Huh. Mine love it when they manage to snag one off of something (living) they seem to think they’ve done something special! Didn’t realize that potential, but can’t stop them grabbing the occasional snack either. 

Now, why would the maggots be bad for them? Just to play devils advocate a bit- they’re just grubs at that point aren’t they?


----------



## Animals45 (May 11, 2021)

Overmountain1 said:


> Huh. Mine love it when they manage to snag one off of something (living) they seem to think they’ve done something special! Didn’t realize that potential, but can’t stop them grabbing the occasional snack either.
> 
> Now, why would the maggots be bad for them? Just to play devils advocate a bit- they’re just grubs at that point aren’t they?


Well the maggots probably aren't bad for them but the flies are sitting in a watery smelly horrid trash smell that I'm sure they wouldn't like.


----------



## imnukensc (Dec 5, 2020)

Chickens have hardly any sense of smell or taste. In any case, I wouldn't feed them trapped/dead/decomposing flies.


----------



## Animals45 (May 11, 2021)

imnukensc said:


> Chickens have hardly any sense of smell or taste. In any case, I wouldn't feed them trapped/dead/decomposing flies.

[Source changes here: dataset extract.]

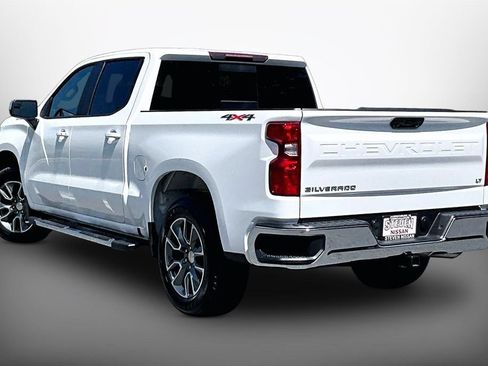 Used 2025 Chevrolet Silverado 1500 LT w/ All Star Edition Plus AWD/4WD image 4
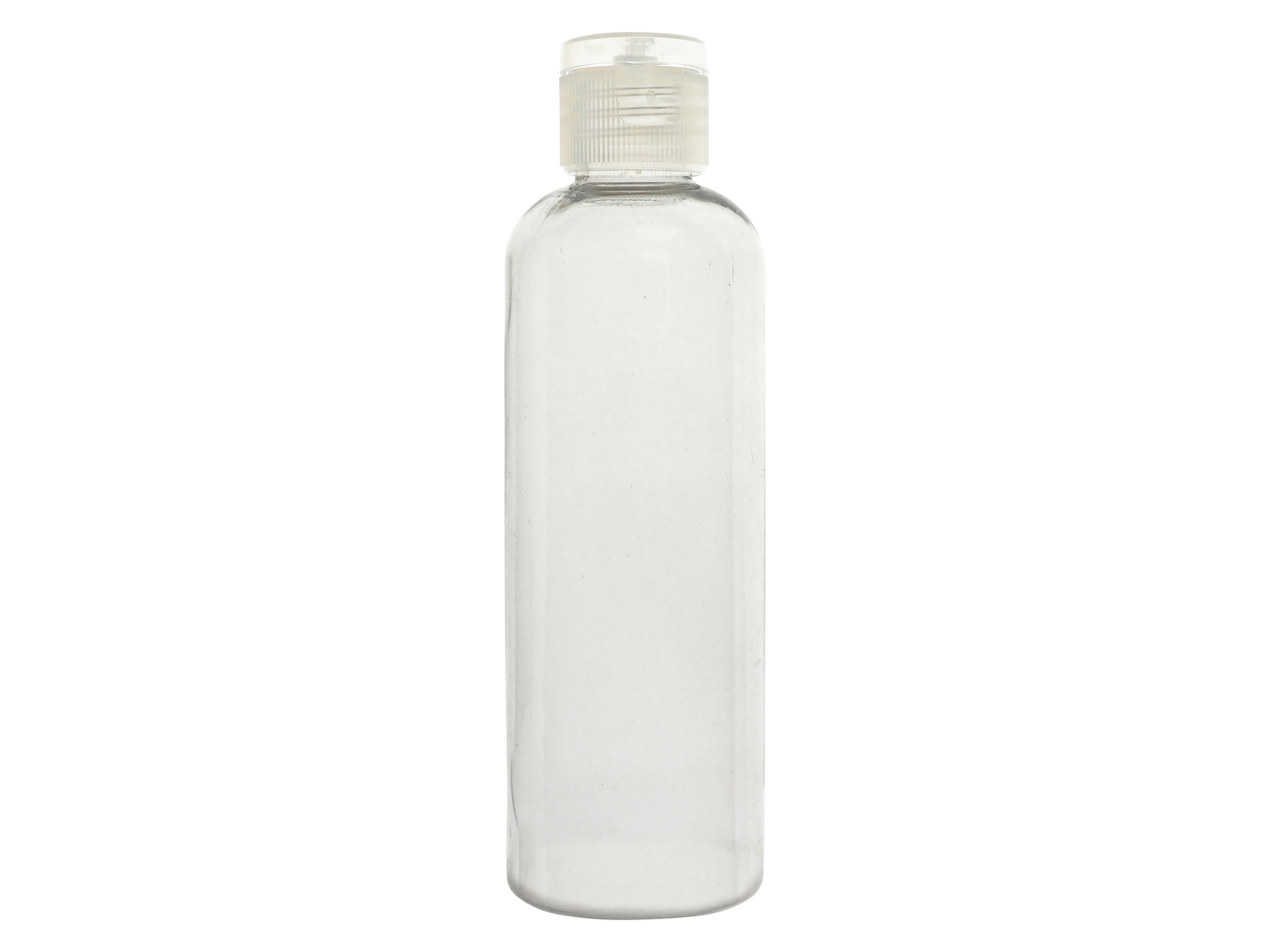 Quetschflasche TJ869-4OZ, 120 ml, transparent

Doesn't really matter though, the flies have been in a disgusting smelly watery fish compose, I find it very gross.


----------



## Animals45 (May 11, 2021)

imnukensc said:


> Chickens have hardly any sense of smell or taste. In any case, I wouldn't feed them trapped/dead/decomposing flies.

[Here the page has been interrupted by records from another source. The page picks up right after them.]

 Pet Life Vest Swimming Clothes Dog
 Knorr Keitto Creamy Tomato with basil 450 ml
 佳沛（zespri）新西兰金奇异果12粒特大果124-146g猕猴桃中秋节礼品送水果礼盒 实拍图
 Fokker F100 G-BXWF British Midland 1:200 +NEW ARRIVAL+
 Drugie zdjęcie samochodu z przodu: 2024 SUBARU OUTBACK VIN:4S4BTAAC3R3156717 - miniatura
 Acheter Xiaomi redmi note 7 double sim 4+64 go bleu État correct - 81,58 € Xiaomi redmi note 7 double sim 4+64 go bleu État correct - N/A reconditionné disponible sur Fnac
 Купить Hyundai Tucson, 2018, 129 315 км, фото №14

Plus with how bad and strong that smell is trust me they'll taste something.😏


----------



## danathome (Sep 14, 2020)

Chickens love flies, their eggs, and maggots; especially the chicks. If I find a place that has "clean" maggots, they're fed to the chicks. However, trapped flies-absolutely not! They are not fresh and the other ingredients are questionable.


----------



## Animals45 (May 11, 2021)

danathome said:


> Chickens love flies, their eggs, and maggots; especially the chicks. If I find a place that has "clean" maggots, they're fed to the chicks. However, trapped flies-absolutely not! They are not fresh and the other ingredients are questionable.


Finally that's what I keep telling everybody.


----------



## lovely_chooks (Mar 19, 2021)

No


----------